When I was a little girl, my parents were gods. They could do everything, they knew everything, they made everything better, they could fix just about everything, and they also had the ability to upset me more than anyone else in the world - being sent to my room, being smacked (because it was the 80s and it was okay to smack back then. Hec, it was even okay for other parents to smack other people's kids if they were being rotten!), being told no, being made to eat all my veggies.
Then when I was a teenager, there was nobody more dorky than my parents. My dad didn't help himself through this period because he wore safari suits to work every day. I kid you not! I squirmed when I was trapped in the car with my mum because she'd take the opportunity of my inability to escape to talk to me about the birds and the bees, and periods and boobs, boys and bras and all things that this 12-year-old hated talking to her mother about! That was what Dolly magazine and best friends were for! Many-a-time I hoped the car seat would open up and swallow me to make the awkwardness end! My parents didn't understand me, they had no idea what I was going through and I just wanted them to stop talking to me!
Then, in my early 20s, I started to appreciate my parents - my mum, especially. I started to realise just how hard my mum worked raising me, my two sisters and brother. I remembered with new appreciation of the times mum stayed up late baking patty cakes for some random school event the next day. Or how hard it must have been for her to get out of bed every morning, probably exhausted and wishing for two hours more sleep, to come and wake us up, always smiling and happy to see us. The regular phone calls, endless love and hugs. And she did it just about single-handedly while my dad worked every second he could. In my 20s, and coming into my later 20s, I realised how blessed I was to have my mum as my mum.
Now, as a mum of my own, I'm seeing my mum in another new light. She's human. She made mistakes because she was making motherhood up as she went along, as we all do! As I am now. She lost her temper; she put her foot in it and said things she probably instantly regretted; she got upset; she got frustrated; she didn't have all the answers. But she absolutely did the best she could. She's amazing! I love spending time with my mum, unlike my teenage self. I love talking to her and just "hanging out" together. I know my time is precious with her.
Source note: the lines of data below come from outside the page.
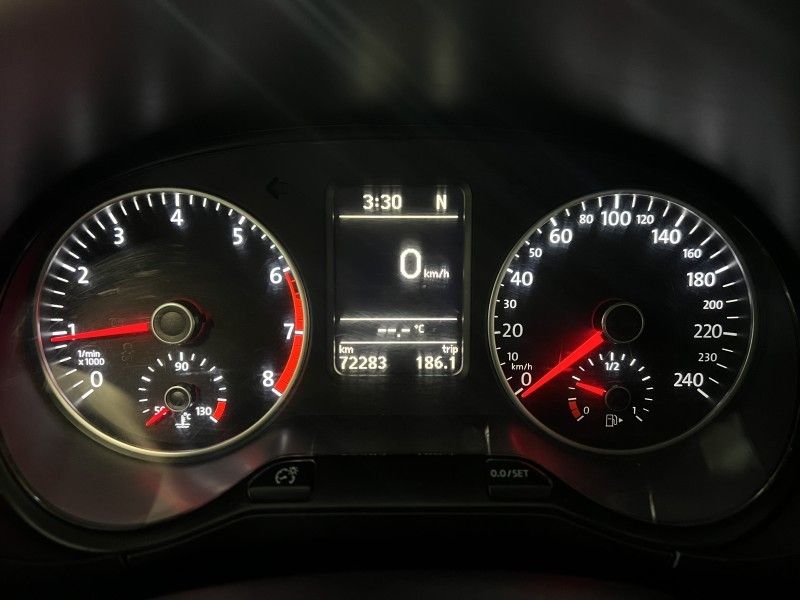 VOLKSWAGEN FOX 1.6 MSI HIGHLINE 16V AUTOMATIZADO 2015/2015 PRIME MULTIMARCAS CAXIAS DO SUL / Carros no Vale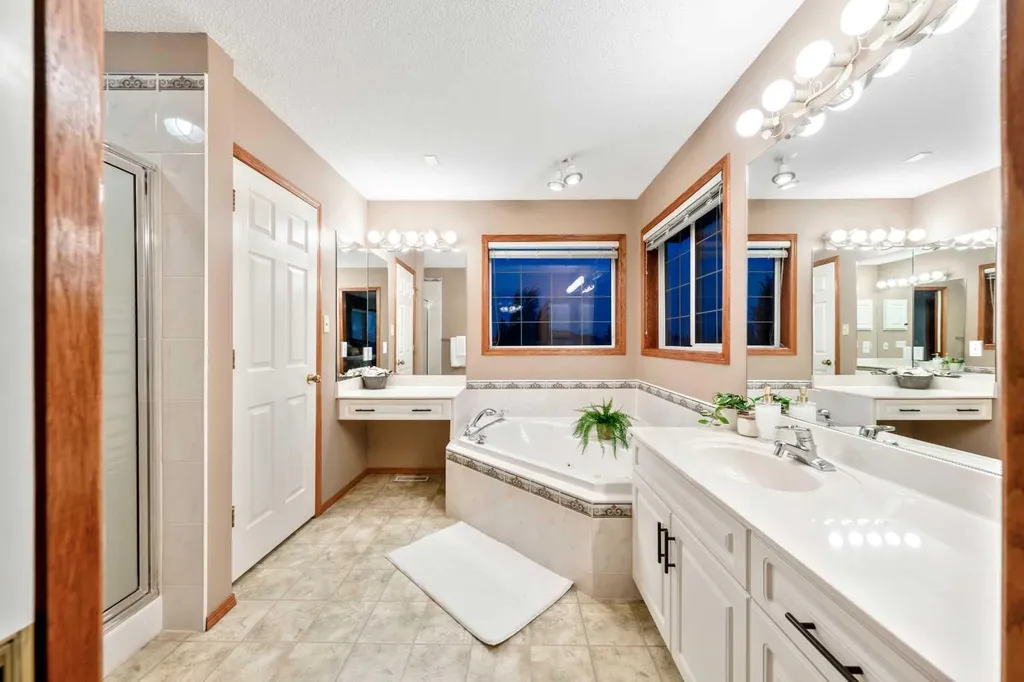 46 4 Street NE Langdon AB T0J 1X1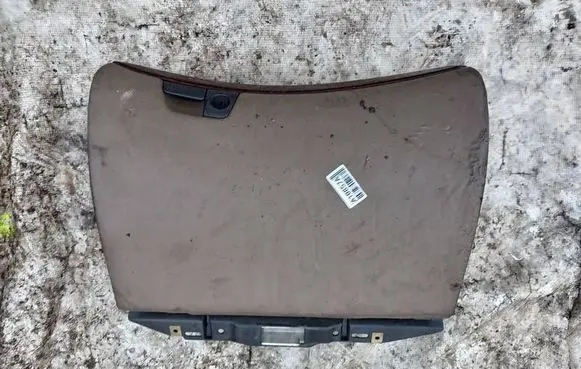 Volvo V70 Glove box 8650371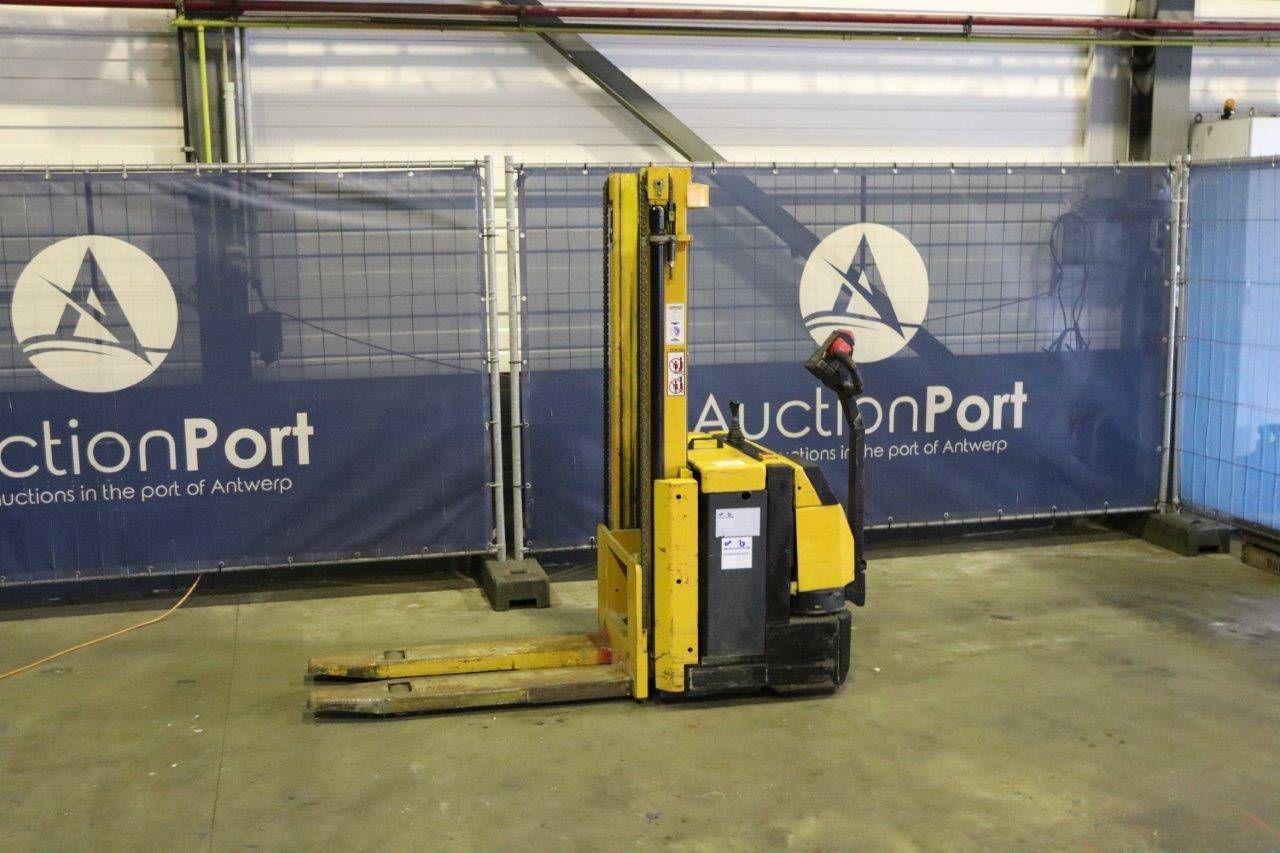 Gerbeur Jungheinrich électrique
And I also realise that my daughter probably won't realise these things about me until she's a mum herself. She'll think I'm wonderful and amazing while she's little. As a teenager she'll probably go through a phase of not wanting me to meet her at the school gate and wait for her at a respectable distance. I'll be dorky and totally unfashionable in her eyes. Then she'll probably mellow out and like me again in her early 20s and get to know me a bit better. But when she's a mum, I hope she will realise, as I did about my mum, that I'm human, I love her more than my own life, and that I'm doing the very best I can, every day - even when I get frustrated, am over-tired, put my foot in it, get angry or frustrated. Because I'm only human.